Disse, por entre lágrimas: - "Por um velho". E
como ele chorava na via pública ao meu lado, tive uma vergonha brusca e
desalmada daquele pranto de gordo. Não sei por que, talvez injustamente, sempre
achei que a lágrima do magro constrange menos. Apelei: - "Não faça
isso!". Olhava para os lados, esbaforido, como se o homem que chora fosse,
por isso, obsceno: - "Filha única! Filha única!". Arrisquei a
pergunta: - "Mas é tão velho assim?". Disse: - "Quarenta
anos!".
O Neves estaria disposto a aceitar que a menina deixasse um
jovem por outro jovem. E repetia, desatinado: - "Mas, por um velho! Um
velho!". Digo-lhe: - "Calma, calma!". Pula, furioso: -
"Você diz calma porque a filha não é sua. Nós somos calmíssimos com as
filhas dos outros. Queria ver se fosse contigo. Responde: não é uma tragédia?" Fui
taxativo: - "Tragédia nenhuma! Pelo contrário: sorte para sua filha, sorte
para você, para a sua mulher, para a sociedade brasileira. Você e o Brasil
estão de parabéns". Aterrado, balbucia: - "Que piada é essa?".

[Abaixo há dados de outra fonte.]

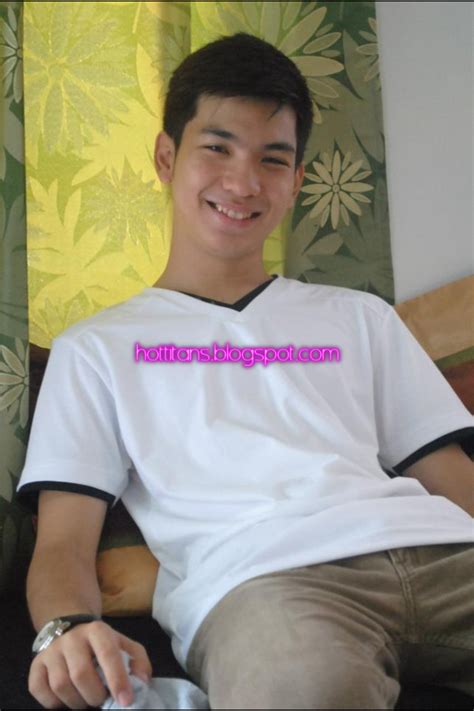 Hot Titans: Albie Casino Look a like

Tive de jurar-lhe que não fazia nenhuma piada. Estava
falando com uma seriedade total. Expliquei o que acho: - a esposa pode ter
qualquer idade e não importa. Mas o marido não pode ser jovem. É trágica a
união do homem e da mulher da mesma idade. Falei da minha experiência pessoal.

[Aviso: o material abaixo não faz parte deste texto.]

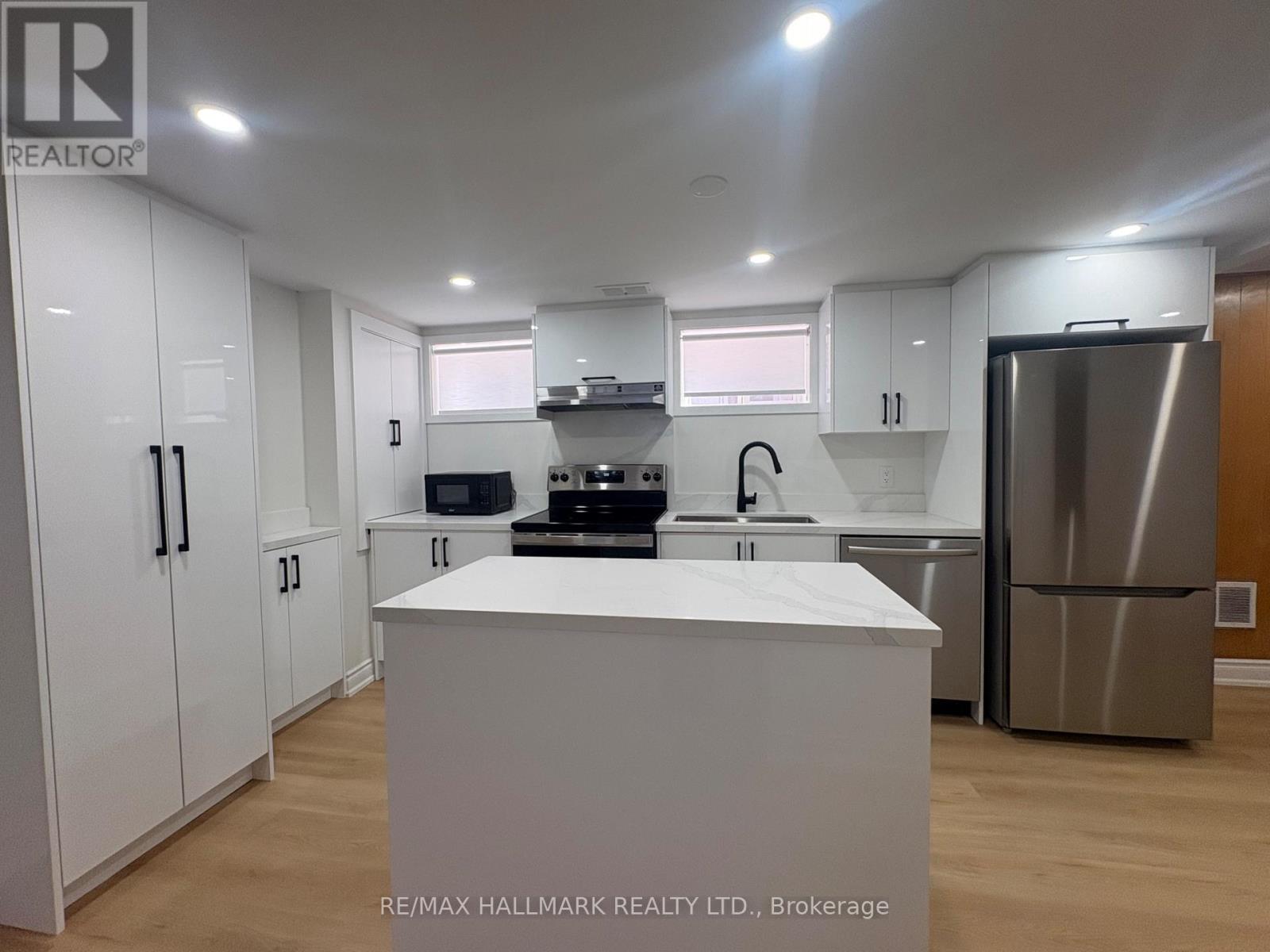 Lower - 67 Saskatoon Drive, Toronto, Ontario  M9P 2G1 - Photo 12 - W13832978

Aos vinte anos eu não sabia como se cumprimenta uma mulher, como se diz
"bom dia" a uma mulher, como se olha, ou sorri para uma mulher, como
se protege e como se salva uma mulher. Claro que, aos dezessete, vinte anos, o
sujeito tem uma plenitude de bárbaro. Mas é uma vitalidade cega, feroz,
destrutiva. Quando marido e mulher são jovens a convivência é o próprio
inferno. Nunca se improvisou um marido. Marido é métier, é tempo, é virtuosismo, sabedoria, lúcida paciência.

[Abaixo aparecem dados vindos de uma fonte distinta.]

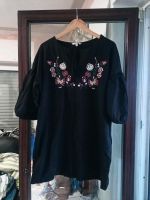 Longbluse, Longshirt schwarz mit Blumen Stickerei Nordrhein-Westfalen - Mönchengladbach Vorschau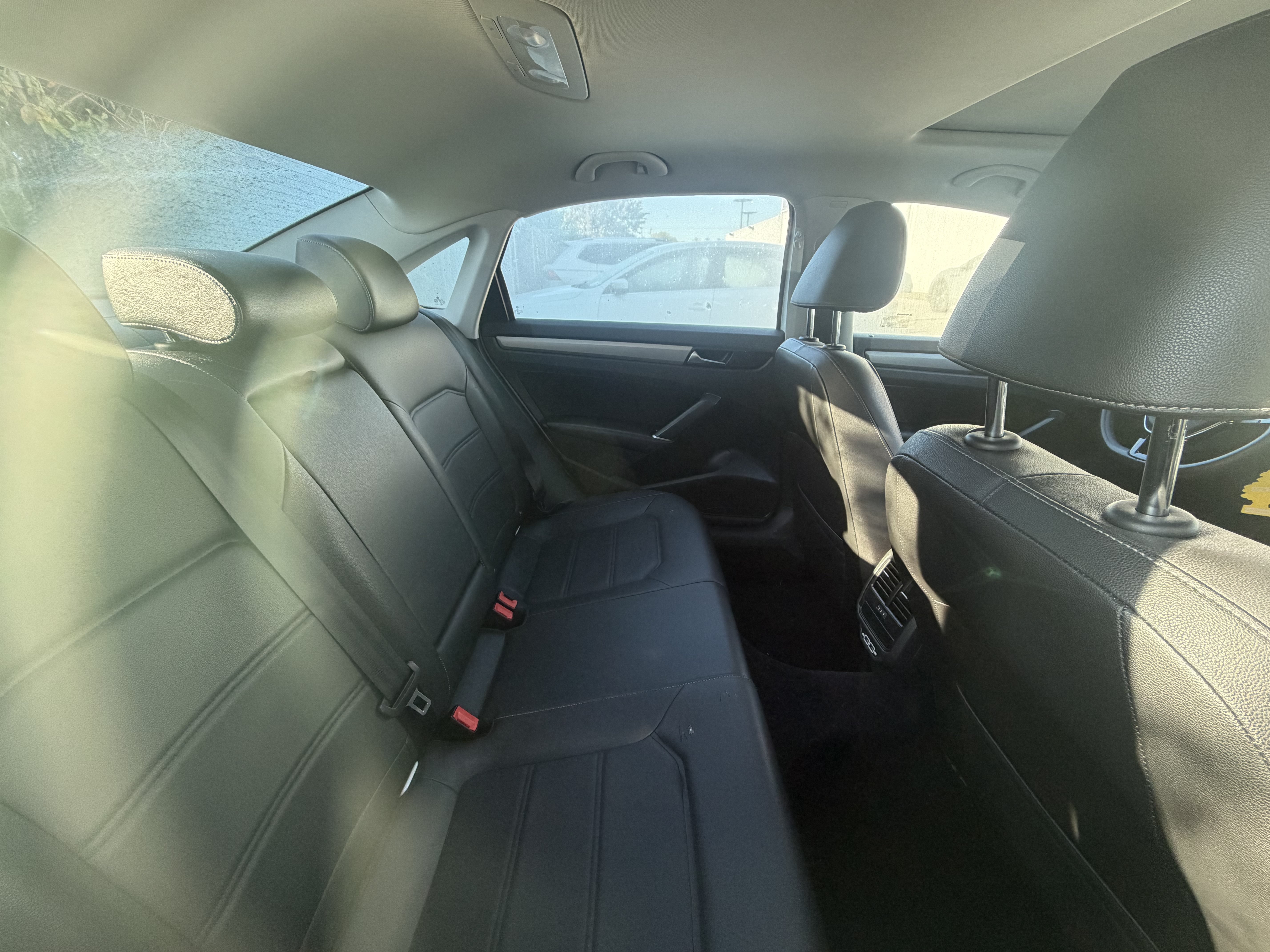 Used 2022 Volkswagen Passat 2.0T SE FWD image 5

O Neves repetia, fora de si: - "Mas o cara tem quarenta
anos!". Parecia-lhe que, aos quarenta anos, o homem é de uma velhice
infinita, milenar. Achei graça no seu terror. Disse-lhe que, a partir dos
quarenta, o homem já pode ser marido. Aprendeu fazendo sofrer outras mulheres,
dilacerando outras mulheres. Ao passo que, aos vinte, com a sua feroz
vitalidade sem alma, ele pode ser tudo, menos marido. Não tem nem alma, porque
a alma vem depois, vem com o tempo. Neves ouvia, atônito. Por fim, admitiu: -
"Realmente, aos vinte anos eu era uma boa besta". E pergunta, quase
convertido: - "Quer dizer que não é uma desgraça?". Só faltei jurar:
- "Uma sorte grande" (...).
Do livro O óbvio ululante. Companhia Das Letras.